Dislike, frustration and boredom are the taxes you must pay to learn anything new that is worth learning.
I recently chose to take cello lessons and I can tell you I dislike it at this point. Someday I will find the joy I see in others playing the cello expertly...so I practice each day looking forward to that day...and each day it gets easier.
Code or read someone's code on Github everyday. It will get easier and more fun.
There's plenty of boilerplate, repetitive, coding work out there. Sometimes, though, you get to wrap yourself around a juicy requirement and solve it, or add extra functionality that no-one asked for but someone will notice one day.
Same with writing - doing the same old client proposal for the 50th time is no fun, but writing a fun new blog post about an awesome discovery can be great. Same with lots of work, I guess.
There are two times when I really love coding - when a user expresses pleasure at using the software, and when a fellow coder expresses pleasure at fixing my stuff. If you build it right, it works on so many levels.
I wish I got to code more, and I dismay constantly at the idea that coding is something to be passed out to the lowest bidder.
So much time spent in meetings, an hour with 10 people discussing how a feature should work, when I know I could have just coded it up in that hour and they would have just said "Yeah, like that".
Coding is engineering, but in an accelerated form. Improve the performance of an engine by 10%, something the user could notice instantly? Hard work, big dollars, lots of resources, hard to deploy to many users. Improve the performance of an application by 10%? You might do it by yourself in 30 minutes. Lots of fun.

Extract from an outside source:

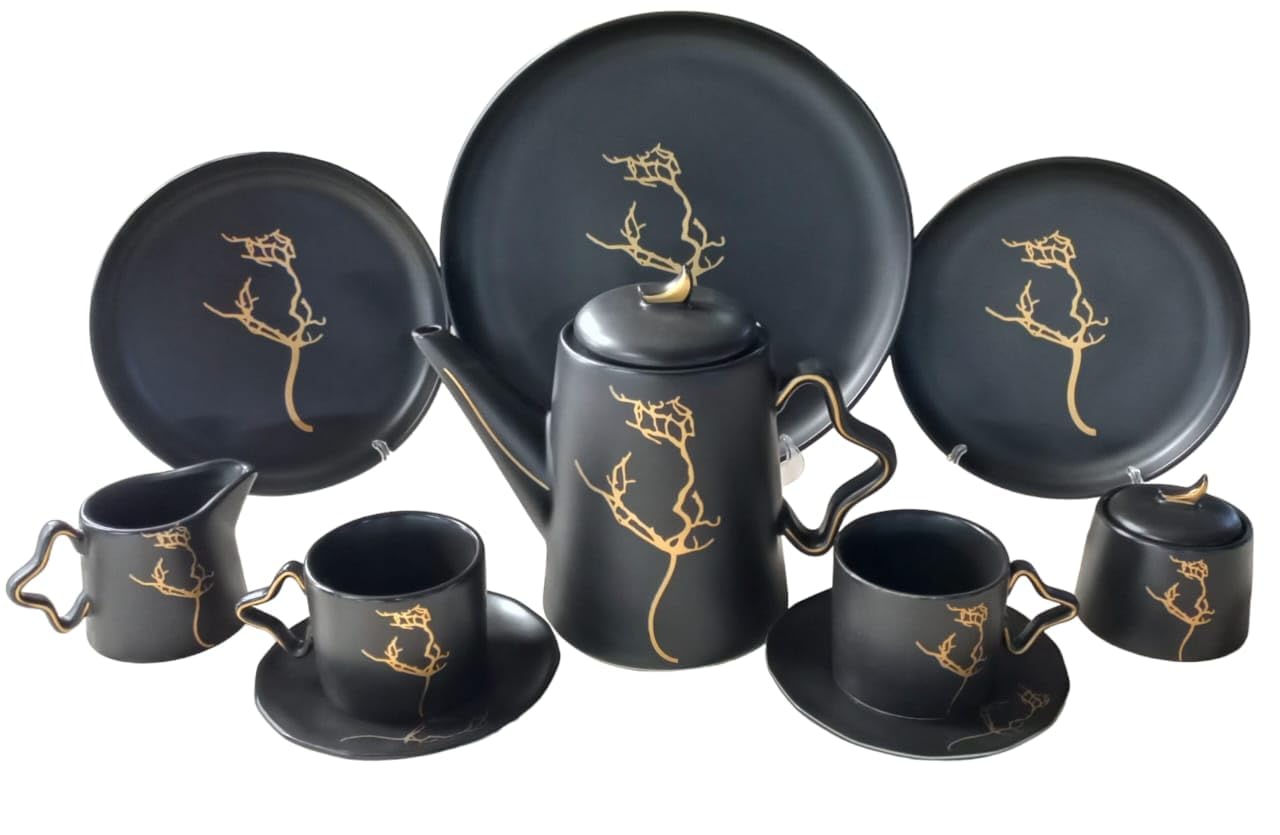 Mazaj Porcelain Tea Set 24 Pieces Elegant Tea Serving Set – Open Box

As far as I've gathered, there are two steps to learning a foreign language. One step is when you think in your own language and translate everything over. The next step is when you think in the language. Enjoyable coding comes only when you think in terms of the programming language. But that only happens once you run into problem domains where you have substantial thoughts, and once you use languages that allow for those kinds of thoughts. Or, once you're used to one type of language and one way of thinking about things, learning to speak another is enjoyable as well. (Imperative vs. functional programming, etc.)
I think you are answering yourself. If your clients are your motivation to learn coding, it doesn't surprise me at all that you don't love it. Most of (good) coders learn to code because they are simply fascinated by the coding itself. They are not paid for it.
If graphic design is what you love, maybe you could try to extend your contact network to digital media / e-business companies that would buy your designs and do the actual coding for their CMS? I used to be a web frontend developer in a company that regularly bought designs from "trusted" freelancers.
Having knowledge of HTML/CSS/JS is one of the key requirements for a good web designer, so your learning is absolutely not misspend.
So, what parts of a project when coding are boring and monotonous? Program it, don't code it; IOW, create a utility or tool to automate that aspect of it.
Instead of copy pasting your controller from project A to project B to get started, write a script that will generate the skeleton of that controller for you. Find the little nooks and crannies of your project that could be cleaner, clearer, or abstracted enough to reduce duplicity of effort.
Programming is thinking and coding combined (you always have to "type" something), coding has the thinking aspect removed, which is why it gets so boring.
As has been stated, you simply may not be wired for it - in which case you should sub-contract the programming work to someone who is good at it and enjoys it. That's how I made the majority of my living the past year, I was sub-contracted by a designer who managed his own clientele.
I like being appreciated.
I like thinking about how I am going to code something, and then doing it in an efficient algorithm; I like feeling as if I did something clever. I also like how I view everything in life differently because coding is a huge part of it.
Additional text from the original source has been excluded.